"""

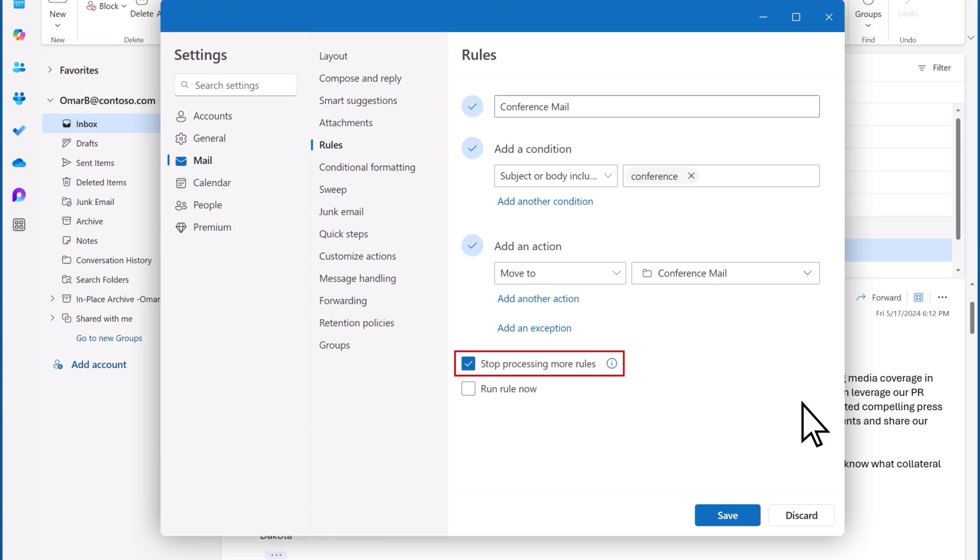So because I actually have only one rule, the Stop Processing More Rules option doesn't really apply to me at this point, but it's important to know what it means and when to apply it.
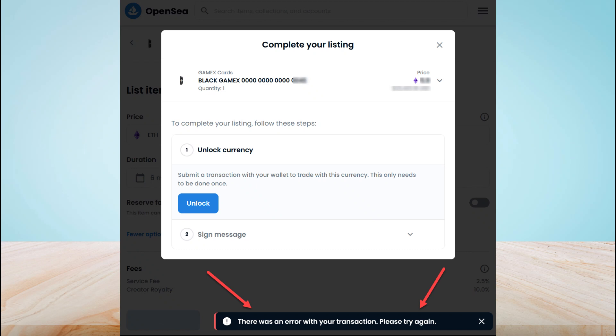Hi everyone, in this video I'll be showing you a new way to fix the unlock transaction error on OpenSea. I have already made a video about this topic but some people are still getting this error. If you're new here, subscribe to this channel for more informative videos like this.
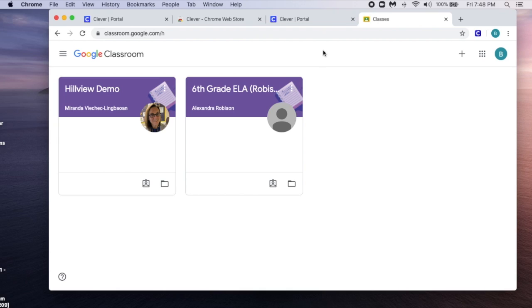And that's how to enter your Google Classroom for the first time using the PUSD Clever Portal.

"""
"""

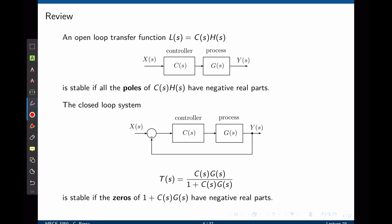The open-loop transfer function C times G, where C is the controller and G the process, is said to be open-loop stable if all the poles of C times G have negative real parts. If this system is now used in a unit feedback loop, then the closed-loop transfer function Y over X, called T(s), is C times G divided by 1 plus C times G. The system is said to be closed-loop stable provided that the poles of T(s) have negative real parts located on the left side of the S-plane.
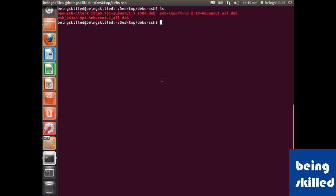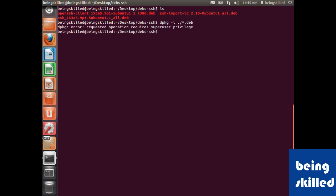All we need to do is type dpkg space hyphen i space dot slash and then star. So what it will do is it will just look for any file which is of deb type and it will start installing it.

"""
"""

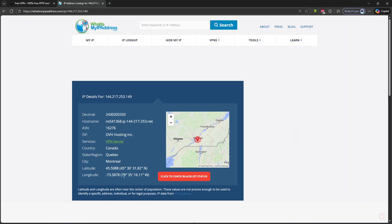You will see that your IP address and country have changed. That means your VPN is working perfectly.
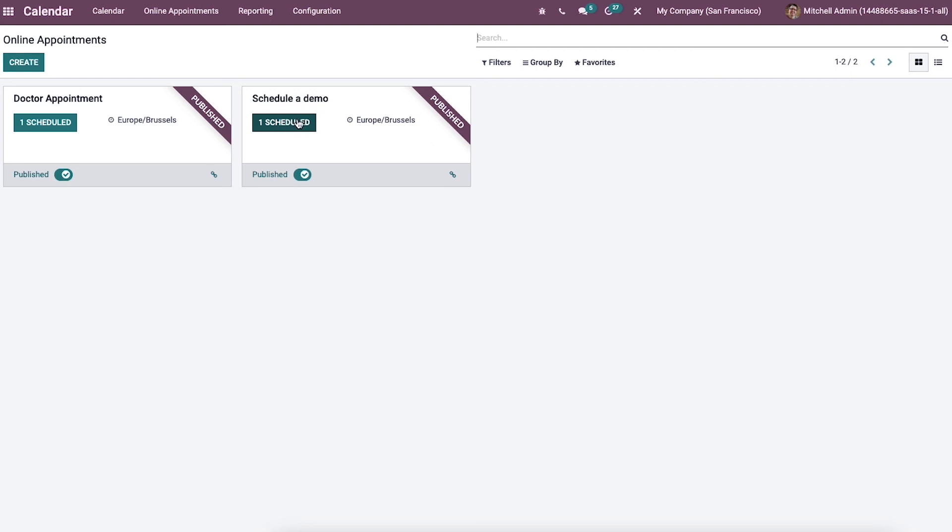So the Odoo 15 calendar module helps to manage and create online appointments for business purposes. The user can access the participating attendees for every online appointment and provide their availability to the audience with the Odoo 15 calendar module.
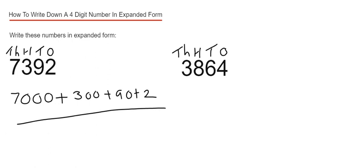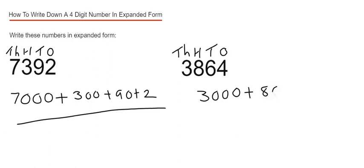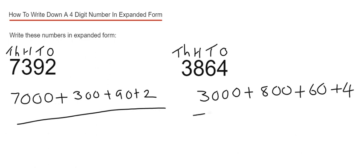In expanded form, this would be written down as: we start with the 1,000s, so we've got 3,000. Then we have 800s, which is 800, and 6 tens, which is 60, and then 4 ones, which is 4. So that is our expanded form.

"""

▶ [Directions for this task] With the pictures removed from your copy, retype the lines above from the one that contains "You will see" through the one that contains "In expanded form, this", exactly.

▶ [Expected answer]
You will see that your IP address and country have changed. That means your VPN is working perfectly.
So the Odoo 15 calendar module helps to manage and create online appointments for business purposes. The user can access the participating attendees for every online appointment and provide their availability to the audience with the Odoo 15 calendar module.
In expanded form, this would be written down as: we start with the 1,000s, so we've got 3,000. Then we have 800s, which is 800, and 6 tens, which is 60, and then 4 ones, which is 4. So that is our expanded form.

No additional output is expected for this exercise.